Figure 2: Working length radiograph confirming three root canal orifices.
Figure 3: Radiograph revealing complete obturation.
Figure 4: A 3-month recall shows dramatic healing.
Figure 5: A 1-year recall shows complete healing.

3. Discussion

Knowledge of common root canal morphology and its frequent variations is a prerequisite for successful endodontic treatment. These variations in pulpal anatomy must be considered at the beginning of endodontic treatment [17]. The possibility that there is more than one root canal in lower premolar teeth should always be expected. Accurate straight and angled preoperative radiographs and clinical clues are essential in exploring the number of roots canals that exist in a tooth. In this case to view individual canals we used 35-degree distal angled radiograph which could separate canals. Presence of untreated canal may be a reason for failure of endodontic therapy [18]. Electronic apex locators are useful adjuncts for determining working length in all cases, particularly complex anatomical variations. Use of both of electronic devices and angled radiographs provides greater accuracy [19]. Missing of anatomic information may be resulted if electronic apex locators are used exclusively. Additional anatomic information about root canals can be obtained by careful observation of positioning and deformation of instruments [20]. It is most important to be on the lookout for additional canals. In this case, a single broad root canal trifurcated into three separate root canals. Enhanced lighting and visibility are important aids for locating root canals. Dental operating microscope provides magnification and illumination which improves the ability to locate and negotiate canals [21]. When working with operating microscope can many times see hypochlorite bubbling in extra canal, marking its presence. On occasion, dyes or transillumination may be helpful in locating additional canal [22].

Although no significant difference was found in periapical healing between one- or two-visit endodontic treatment of necrotic teeth [23], some factors such as the patient’s health, anxiety, fatigue, and symptoms, in addition to complexity of treatment, should be considered. Su et al. described that the healing rate of single- and multiple-visit root canal treatment is similar for infected teeth [24]. Multiple-visit and single-visit root canal treatment demonstrated almost equal success but most important aspect for success in treatment is indication of each case and then its subsequent treatment, be it multiple or single visit root canal treatment [25].

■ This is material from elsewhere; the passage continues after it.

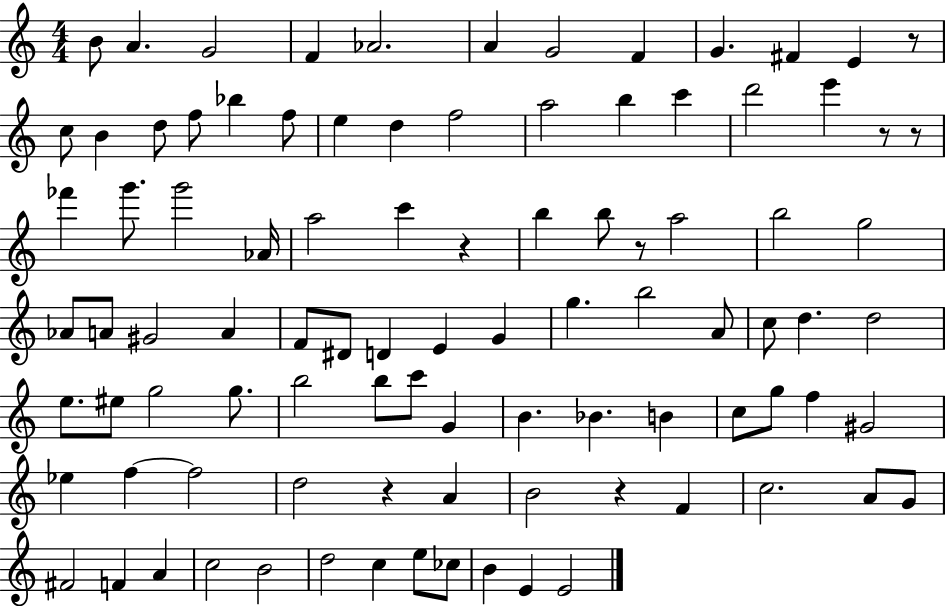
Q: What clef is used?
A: treble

Nonsurgical endodontic therapy proved successful in promoting the healing of periapical lesions; irrespective of the size of the lesion every attempt should be made to treat the periapical lesions with non surgical endodontic therapy [26]. Intracanal placement of calcium hydroxide has been proposed because of its antimicrobial properties in necrotic cases that cannot be treated in one visit [27]. It has been reported that treatment with calcium hydroxide resulted in high frequency of periapical healing and some lesions, especially in young patients, were reduced or had completely disappeared only 1 or 3 months after treatment [28]. Ca(OH)2 is proven to assist periapical healing by virtue of its antibacterial properties and also by its biological action facilitating osseous repair [29].

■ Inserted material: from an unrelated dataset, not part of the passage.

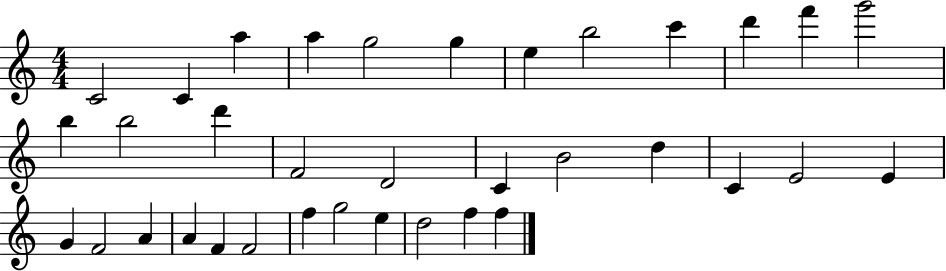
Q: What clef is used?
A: treble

Finally, there is a need for further studies to determine the frequency of anatomic variations in root canal system of Iranian population and referral to an endodontist seems to be mutually beneficial in complex anatomic variations of root canal system.

4. Conclusion

Although frequency of first mandibular premolars with an unusual anatomical configuration is not common, each tooth should be investigated carefully, clinically, and radiographically to detect possible anatomical variations before commencement of endodontic treatment.